Life with a toddler these days is pretty trying. Life everyday with three kids and little “me” time is trying. Sometimes I feel like I could go crazy, but I know having these kids is such a blessing and the hard times are definite growth times for me. I get a lot of practice in patience and kindness and just listening to their little voices asking many questions, wondering about this big, wide world that we live in (or just whining). Having kids is the ultimate way to grow spiritually, to learn more about yourself and to learn selflessness, that is for sure. I am so grateful that I have these three angels to teach me and to mold me into a better person daily.
Serafina can make life pretty difficult for us these days. She is two and a half now and a very busy, curious little girl. Into everything. Exploring everything. Climbing on everything. Needless to say, these days have been frustrating, but this afternoon we had such a beautiful moment together, just me and her. The girls were outside playing in the snow, building a snowman while Serafina and I had a nice warm bath. She loves water. She loves the lake in the summer and all year round she loves the tub. She would stay in forever if I let her.
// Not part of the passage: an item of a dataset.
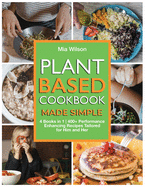 Plant Based Cookbook Made Simple: 4 Books in 1 400+ Performance Enhancing Recipes Tailored for Him and Her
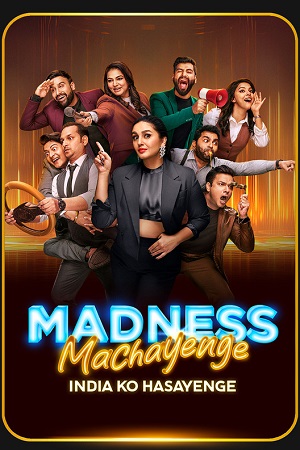 Download  Madness Machayenge (2024) Season 1 [6th July Added] Hindi Tv-Show 480p | 720p | 1080p WEB-DL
So there we were, just her and I enjoying our bath. She was filling a cup with water and watching it pour into the water and splash up at her, making her smile. She was having so much fun just playing in the water. Then I looked into those big, round, innocent, smiling eyes and my heart melted. I love her so much! Even though she drives me crazy and life seems so busy and crazy raising three girls, just one glance into those eyes makes me forget all the frustration and fears I often feel as a parent. I want to do so much for them. I want to be the best mom that I can be. I want them to have a good childhood and to have many memories to look back on. Memories that they will smile at and laugh about. The good times we create through the difficulties and frustrations. Like when I feel so tired, but I make the effort to read a story anyway and make it funny for them. Or when I feel like getting mad or upset, but decide to turn on some music and dance with them.
Life goes by faster everyday and I feel like I can’t keep up to it, no matter how much I try. Things are quite busy and our days are full. Our mornings are filled with homeschooling. In between I cook and clean and try to find a little rest time to read or just be so that I can recharge myself and come back to life stronger and better able to love and serve my family. Life is a difficult balance, but amidst the chaos and business I never want to lose my center. I never want to close my eyes and lose my ability to see the beauty in every bit of it, even the chaotic parts. But that’s life. Half the time, I do feel asleep. I feel like life’s strong current sweeps my mindfulness away more often than I would like it to.
I am not perfect and I know life is not to be all perfect and sane and easy. I am not even sure that I would want it to be. I feel like with each time period of feeling asleep and losing my mindfulness, I learn something. After going through moments where I lose my focus and feel as though I have had my eyes closed to life and to my blessings, when I open them again life is so much more full. I see so much more beauty and feel so much more gratitude than ever before.
It is like in one of my favorite songs, Everything Is Sound by Jason Mraz. He says,
Ha, la, la, la, la, la, la, Hallelujah
Everything is sound
It’s a song that I’ve forgotten often
It doesn’t make me wrong
Cause we all need the darkness, to see the light
Instead of feeling bad for not always being able to be positive and awake and grateful, just to know that even when we do forget the good, the true and the beautiful and aren’t living with our eyes fully open, awake and aware of the completeness, perfection and meaning of each and every moment, everything is sound. Everything is working for a greater purpose and for good, even if it doesn’t seem to be. Even when all we see is darkness or feel is frustration or confusion, there is always light. There is a higher purpose for everything. Each and every moment is a learning experience and is given to us to awaken and evolve.
So even though I am not there yet (wherever ‘there’ may be) and I am not perfect, or enlightened, or even my ideal of myself, I am grateful for every moment of life. This whole beautiful life that I’ve been given. And I am especially grateful for those moments, like the one I had this afternoon, where all of a sudden my eyes are open wide, my mind is calm and I see the real beauty and perfection in life and in the little things that we often do close our eyes and hearts to.
There is so much we can see, so much we can learn and understand if we keep our eyes and hearts open and just know that everything is sound.